From a financial viewpoint, the markets exist to transfer capital from those that have it to those that need it.

No, that's what communism was supposed to do. Under capitalism, we use the market to allocate capital efficiently, to its most productive use. Perverse incentives, like excessive bonuses or government bailouts without penalties, interfere with the efficient allocation of capital.

2 comments

Your twist on the poor being the group that "needs" the money is a clever little play on words, but you, and everyone else here, knows exactly what I meant. Companies need money. Investors have money.

As for some god-given right to bank accounts, I never said any such thing. It's not my fault, nor Wall Street's fault, that people aren't better prepared to understand finance. It's a dog eat dog world. If you want to keep hold of your money, learn how to invest for yourself, place it with a broker and accept that even they may lose money, or hide it in your bed. Those are your options.

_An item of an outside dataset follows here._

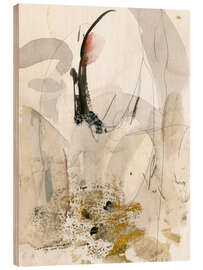 Holzbild Sands &amp; Sediments II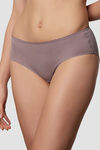 Triumph High Rise Three-Fourth Coverage Hipster Panty - Twilight Grey — thumbnail 2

Under capitalism, we use the market to allocate capital efficiently, to its most productive use.

You are not distilling finance enough. Your definition is a first-year economics definition. That's a definition from an idealized world. In the real world, companies exchange shares for cash. They invest that cash into the business to create value. Other instruments have their own purposes, but it's all about taking either money or risk and transferring it from one party to another based on needs.

You're right in some of your criticisms -- I had already edited it to remove some of that language.

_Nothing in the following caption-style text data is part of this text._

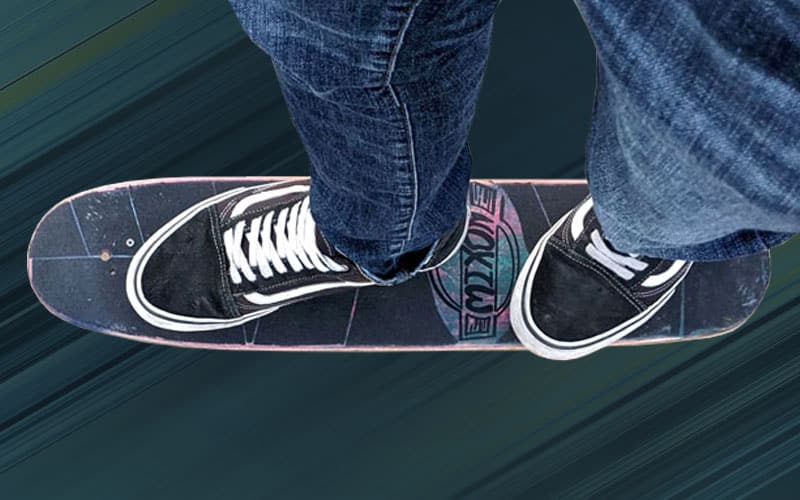How To Ride A Polarizer Skateboard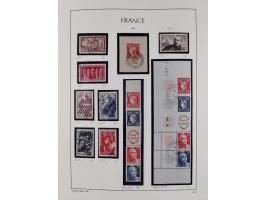 1849/1994, mint never hinged/unused and used collection with some covers, a few better items throughout like Mi-Nr. 239, 311 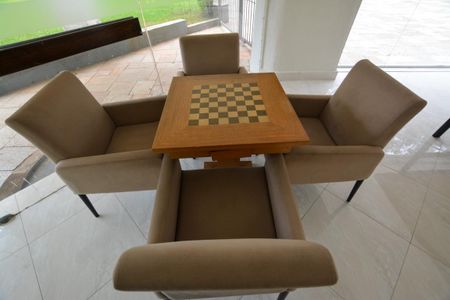 Apartamento à venda com 65m², 3 quartos e 1 vagaSalão de jogos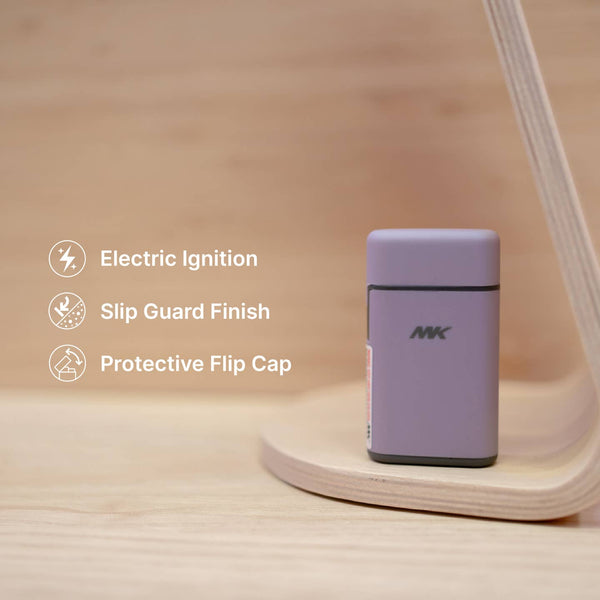 Avalon E Pastel Torch Flame Lighter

But do we have no middle ground here?

We agree, for instance, that most people really AREN'T equipped to understand finance as it is practiced. The difference is that you believe there is a class of people whose advice can be relied upon. Taleb thinks not for epistemological reasons. The perverse incentives I mentioned are (for him) barely worth discussing, since they are just corruption rather than self-delusion.

(And when I say corruption, I don't mean they are necessarily evil people; I mean their agenda is now misaligned with the customers').

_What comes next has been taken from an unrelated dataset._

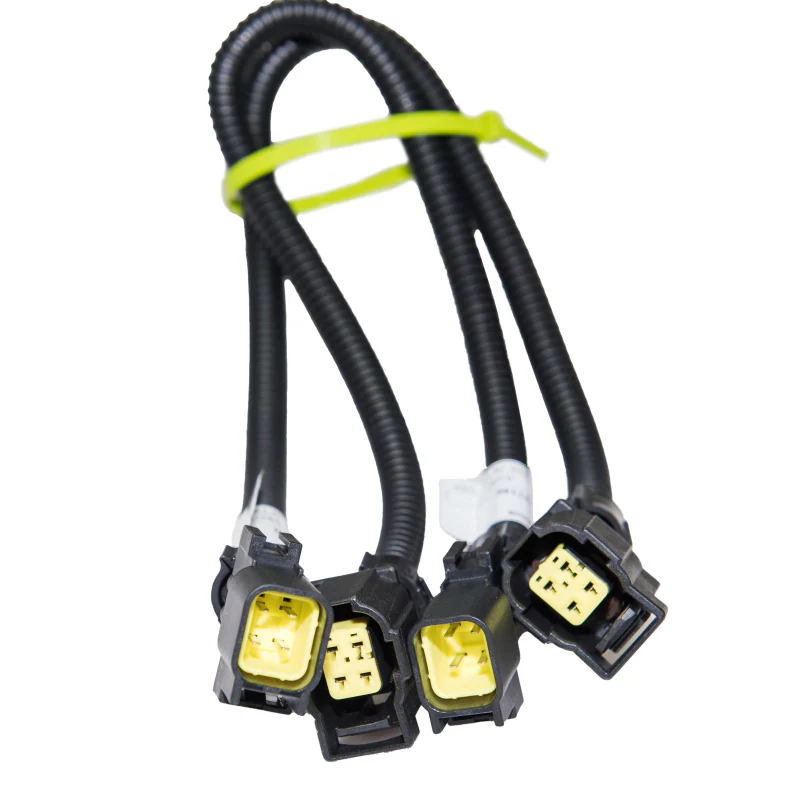 Kooks 2015+ Dodge Hellcat 02 Sensor Wiring Extensions - Image 4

Anyway, I keep saying "Taleb says" because I am not well versed in these matters. I study it about as much as a layperson can, and all I know is that most of it still seems too complex to predict.

There is a class of people whose advice can be relied upon. It's up to you to find out who those people are. If your broker is not performing up to snuff, you have the right to fire him. It's just like I have the right to fire my auto mechanic, who knows more about cars than I do, if he's not doing a good job.

As for finance being complex, it's really not.

they pulled those tricks because widows and orphans money was regulated so it had to be in 'AAA' products, and the widows and orphans demanded higher returns because 'everybody' else was getting higher returns or they were going to invest they're money elsewhere.

look, by no means am i blaming 'widows and orphans' for this mess, it's just the reasons for it are very complex. even regulation that seems like a great idea, grading investment products, ended up playing some small part in the chaos.